(Short web captions)
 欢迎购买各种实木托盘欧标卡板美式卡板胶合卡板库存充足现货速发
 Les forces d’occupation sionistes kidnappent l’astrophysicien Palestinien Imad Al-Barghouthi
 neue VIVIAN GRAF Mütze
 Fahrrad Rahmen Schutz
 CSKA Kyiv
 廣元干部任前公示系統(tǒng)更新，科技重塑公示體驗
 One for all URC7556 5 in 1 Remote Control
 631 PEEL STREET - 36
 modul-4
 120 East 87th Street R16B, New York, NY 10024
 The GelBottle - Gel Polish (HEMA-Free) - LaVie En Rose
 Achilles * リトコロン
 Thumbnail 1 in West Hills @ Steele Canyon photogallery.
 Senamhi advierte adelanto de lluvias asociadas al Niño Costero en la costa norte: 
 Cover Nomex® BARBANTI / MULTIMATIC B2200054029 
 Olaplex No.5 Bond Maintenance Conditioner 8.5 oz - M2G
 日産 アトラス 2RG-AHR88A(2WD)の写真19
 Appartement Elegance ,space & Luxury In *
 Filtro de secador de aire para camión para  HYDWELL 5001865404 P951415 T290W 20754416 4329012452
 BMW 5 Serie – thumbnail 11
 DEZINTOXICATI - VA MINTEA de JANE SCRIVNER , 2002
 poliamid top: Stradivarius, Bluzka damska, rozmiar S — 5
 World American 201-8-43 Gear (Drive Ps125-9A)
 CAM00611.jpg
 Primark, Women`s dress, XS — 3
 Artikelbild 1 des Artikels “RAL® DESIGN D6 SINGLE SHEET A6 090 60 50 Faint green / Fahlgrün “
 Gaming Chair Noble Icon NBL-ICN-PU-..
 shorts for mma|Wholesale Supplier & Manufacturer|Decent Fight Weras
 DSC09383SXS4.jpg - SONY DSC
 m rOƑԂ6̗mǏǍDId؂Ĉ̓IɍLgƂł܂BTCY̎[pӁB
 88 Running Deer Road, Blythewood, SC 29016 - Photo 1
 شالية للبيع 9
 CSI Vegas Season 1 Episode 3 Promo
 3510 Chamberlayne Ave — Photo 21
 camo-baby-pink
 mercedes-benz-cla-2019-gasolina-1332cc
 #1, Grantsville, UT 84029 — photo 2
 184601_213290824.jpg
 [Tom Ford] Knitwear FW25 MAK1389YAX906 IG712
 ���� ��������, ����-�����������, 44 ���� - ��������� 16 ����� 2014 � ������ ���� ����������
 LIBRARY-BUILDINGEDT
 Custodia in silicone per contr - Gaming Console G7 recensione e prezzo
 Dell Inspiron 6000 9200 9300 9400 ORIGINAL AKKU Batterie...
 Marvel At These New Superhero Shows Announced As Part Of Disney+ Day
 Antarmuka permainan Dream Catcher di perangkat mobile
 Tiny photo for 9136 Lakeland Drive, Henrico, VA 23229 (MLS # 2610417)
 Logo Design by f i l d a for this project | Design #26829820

> [How to complete this task] What lines of the data include the word "Drive"? Copy each of them.

> [Your response]
 World American 201-8-43 Gear (Drive Ps125-9A)
 Tiny photo for 9136 Lakeland Drive, Henrico, VA 23229 (MLS # 2610417)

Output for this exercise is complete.